The EU’s competition watchdog has put e-commerce companies on notice to cut out anti-competitive practices or face investigation.
“Certain practices by companies in e-commerce markets may restrict competition by unduly limiting how products are distributed throughout the EU,” Margrethe Vestager, EU competition commissioner, said on Wednesday.
“These restrictions could limit consumer choice and prevent lower prices online. At the same time, we find that there is a need to balance the interests of both online and ‘brick-and-mortar’ retailers. All to the benefit of consumers. Our findings help us to target the enforcement of EU competition rules in e-commerce markets.”
The inquiry focused on consumer goods and digital content — such as music, films and sport — and echoed the concerns in last year’s preliminary report.
The commission is expected to open cases based on its findings in the coming weeks and months. Following the preliminary report, three antitrust cases were launched in February, and seven retailers adjusted their contracts: Mango, Oysho, Pull&Bear, Dorothy Perkins, Topman, De Longhi and Manfrotto.
The regulator identified a range of concerns.
For consumer products, real-time price information made it easier to compare prices but also enabled two-thirds of retailers to use software to track competitors and automatically adjust their prices. That may enable price coordination and cut the incentive to lower prices.
Product manufacturers, who now compete with their own resellers online, have added restrictions to their contracts about who can resell their products, at what prices and where the can or cannot sell — for example, banning sales on marketplaces like eBay or Amazon.

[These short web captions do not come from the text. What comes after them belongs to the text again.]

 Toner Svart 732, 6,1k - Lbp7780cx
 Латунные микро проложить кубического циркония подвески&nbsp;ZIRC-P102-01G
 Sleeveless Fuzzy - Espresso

Online sellers who refuse to deliver to customers in neighbouring member states or to accept out of country payments — a practice known as geo-blocking — are also in the cross-hairs. Brussels believes cross-border sales can contribute “to the integration of the EU’s internal market”.
For online content — such as sport, music, films and TV programmes — new entrants need access to premium content. However, it can be difficult to get the rights to because the long contracts for content often require big upfront payments, enforce territorial restrictions and bundle online content with TV transmission.

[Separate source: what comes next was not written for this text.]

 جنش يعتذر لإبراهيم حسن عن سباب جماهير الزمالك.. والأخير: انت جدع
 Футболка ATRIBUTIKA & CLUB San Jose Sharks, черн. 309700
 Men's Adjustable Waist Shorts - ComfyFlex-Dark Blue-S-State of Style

“The investigation’s findings about the durations of licencing agreements are particularly striking. The longer a sport organiser or film producer licenses its content exclusively to a specific broadcaster the harder it gets for competitors to enter the market,” said Monique Goyens of The European Consumer Organisation (BEUC).
The collection and usage of data is another area of interest.

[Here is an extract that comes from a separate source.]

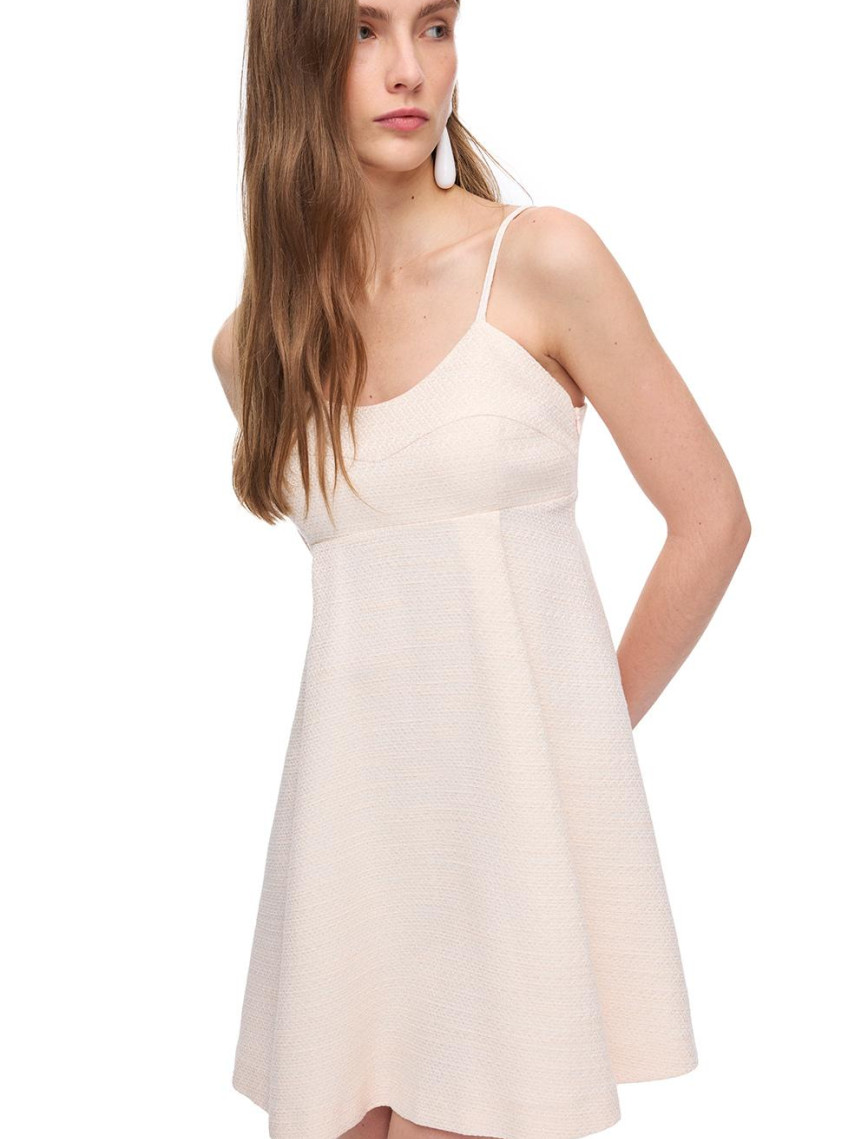 Kısa V-Yaka Pamuklu Mini Elbise Kısa V-Yaka Pamuklu Mini Elbise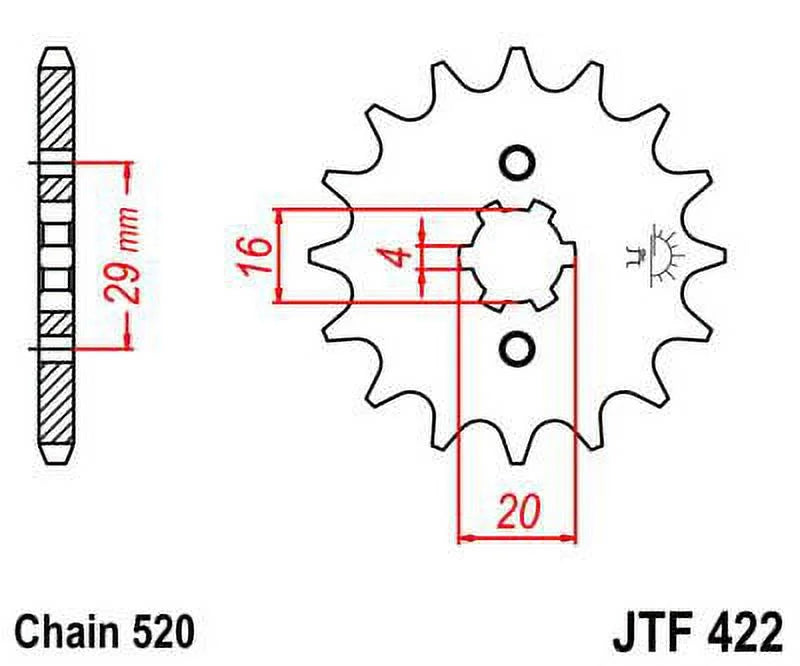 G,H-USA Rear & 80-81 Sprockets for IT125 Front YAMAHA Kit JT Sproket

Launched in March 2015 in conjunction with Brussel’s strategy to create a single digital market, the sector looked at over 8,000 contracts from nearly 1,900 companies selling content and consumer goods online across the 28 EU countries.
The inquiry examined contracts from product manufacturers, retailers, marketplaces, price comparison and payment websites. It looked at the most popular products such as shoes, clothing, electronics, appliances, software, toys, books, CDs, DVDs, sports and health products. Digital content included streamed and downloaded films, music, TV programmes and news.